Du côté des syndicats, la perplexité est également de mise : « On nous parle d’intégration de travailleurs en poste, alors qu’à la base, il était question d’introduction d’une nouvelle main-d’œuvre. On est donc plus dans une logique d’accès au séjour, et non de véritable régularisation de travailleurs sans papiers », énonce ainsi Maryline Poulain, ancienne dirigeante syndicale et experte en droit des travailleurs migrants, actuellement en relation avec le gouvernement sur ces questions.

Dans le cas où le projet de loi viserait à réellement permettre un accès au séjour à des travailleurs déjà en poste, difficile, donc, de combler entièrement les besoins des entreprises qui s’élèvent désormais à plusieurs millions de postes à pourvoir, mais également de parvenir à ce qu’on pourrait appeler un “droit du job”, c’est-à-dire une loi qui permettrait un véritable accès au travail non précaire et sur le long terme.

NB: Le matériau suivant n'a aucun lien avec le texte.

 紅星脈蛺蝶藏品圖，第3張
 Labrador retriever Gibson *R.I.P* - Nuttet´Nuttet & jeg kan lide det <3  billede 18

Le travail, un vecteur d’intégration primordial

Malgré ses limites, le projet de loi permettrait tout de même, selon Serge Slama, de casser les pleins droits de l’employeur. Car comme l’explique le spécialiste du droit public, ce projet offre non pas une régularisation par rapport à un employeur en particulier, mais bien par rapport à un secteur donné : « Cet élément permettra d’atténuer l’emprise que pourrait avoir une entreprise sur un salarié. Car si le titre de séjour d’un employé dépend de son employeur, une relation de domination-soumission s’installe, et certaines entreprises en profitent. Il y a beaucoup d’abus : salaires extrêmement bas, jours de congés non respectés, horaires insensés… Avec ce nouveau dispositif, si un travailleur subit des abus, il pourra changer d’employeur sans que son titre de séjour ne soit remis en cause. »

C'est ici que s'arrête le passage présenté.